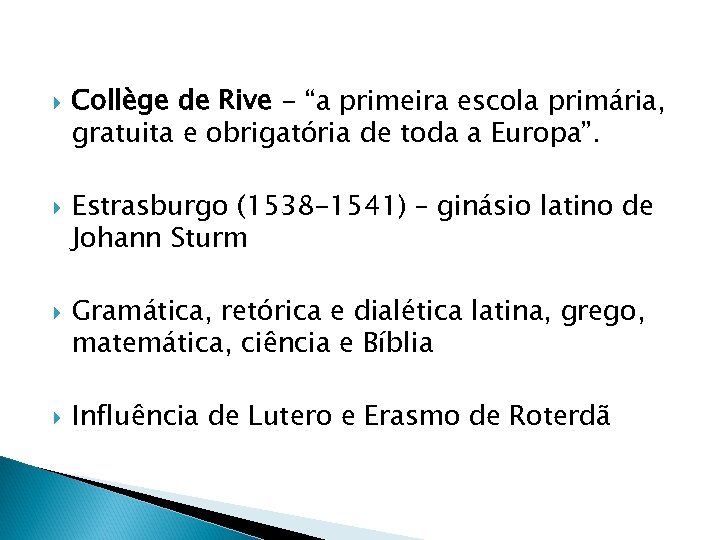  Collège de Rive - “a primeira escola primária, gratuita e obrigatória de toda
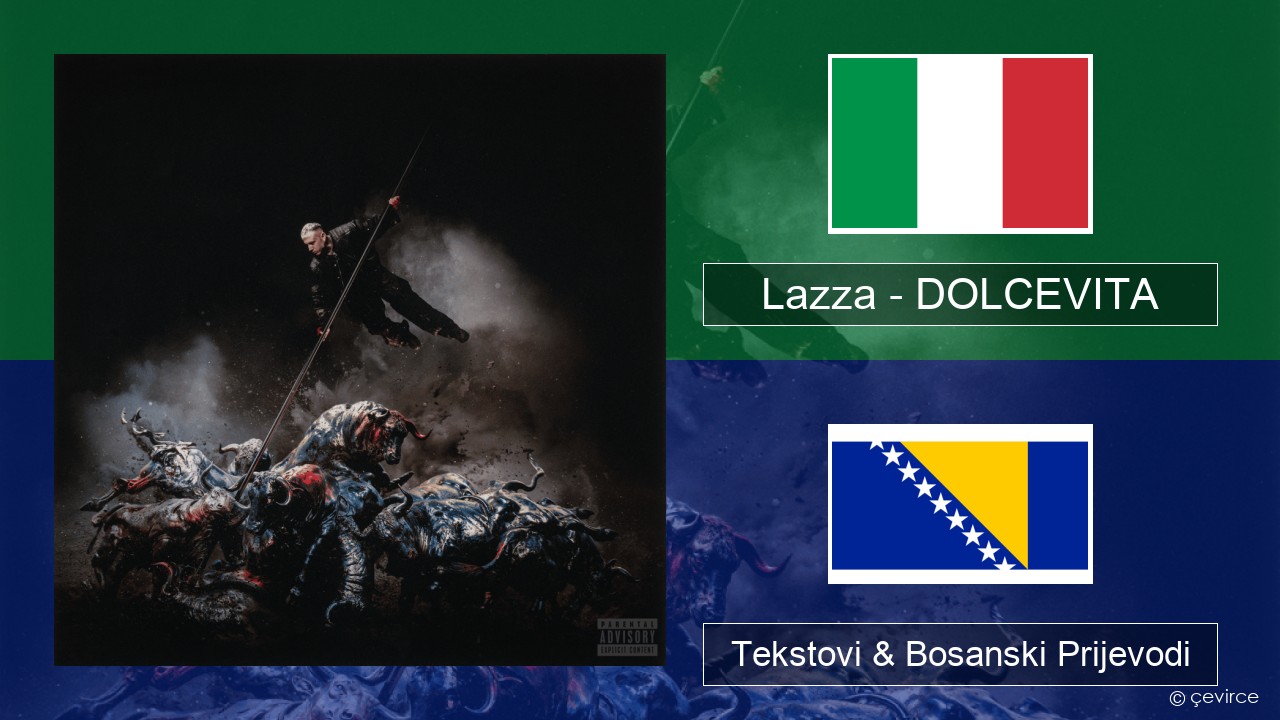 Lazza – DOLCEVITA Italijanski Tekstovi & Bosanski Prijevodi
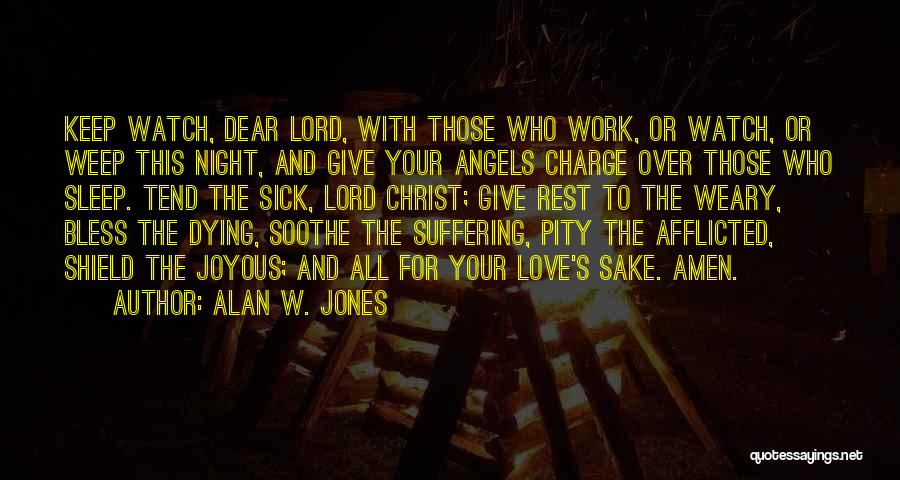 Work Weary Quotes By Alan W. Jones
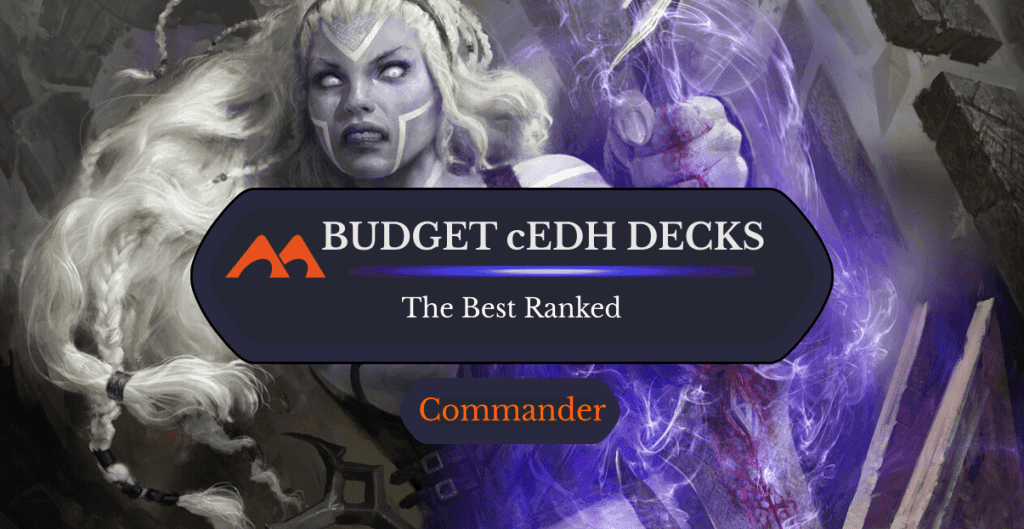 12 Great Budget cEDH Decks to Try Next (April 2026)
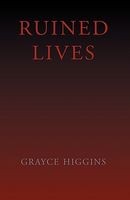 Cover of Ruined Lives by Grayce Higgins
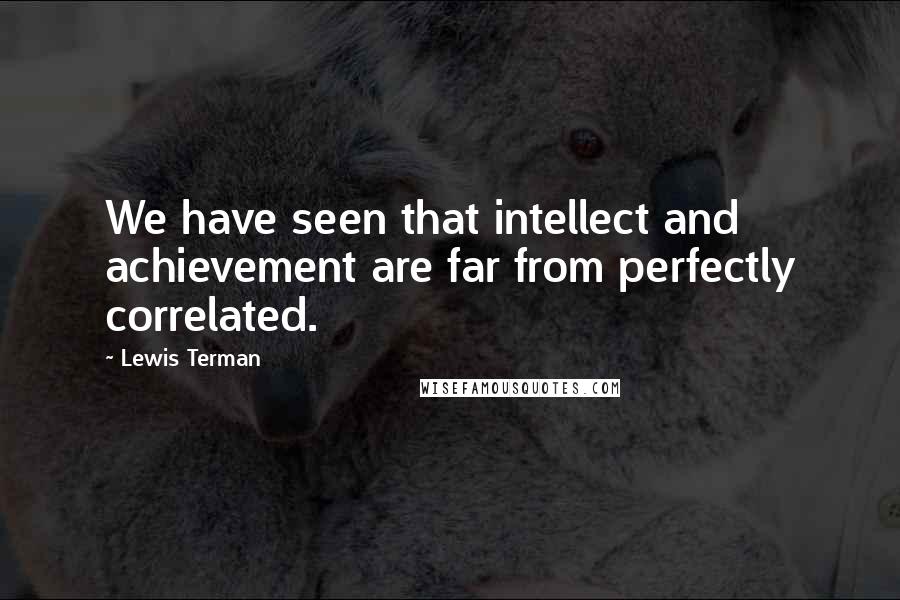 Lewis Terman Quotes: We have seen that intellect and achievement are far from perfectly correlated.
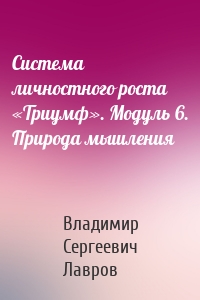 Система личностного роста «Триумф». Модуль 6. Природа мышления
════
Your answer must be the lines from the one containing "Work Weary Quotes By Alan W. Jones" through the last line of the listing above, restated word for word, with no pictures.

EXERCISE SOLUTION
 Work Weary Quotes By Alan W. Jones
 12 Great Budget cEDH Decks to Try Next (April 2026)
 Cover of Ruined Lives by Grayce Higgins
 Lewis Terman Quotes: We have seen that intellect and achievement are far from perfectly correlated.
 Система личностного роста «Триумф». Модуль 6. Природа мышления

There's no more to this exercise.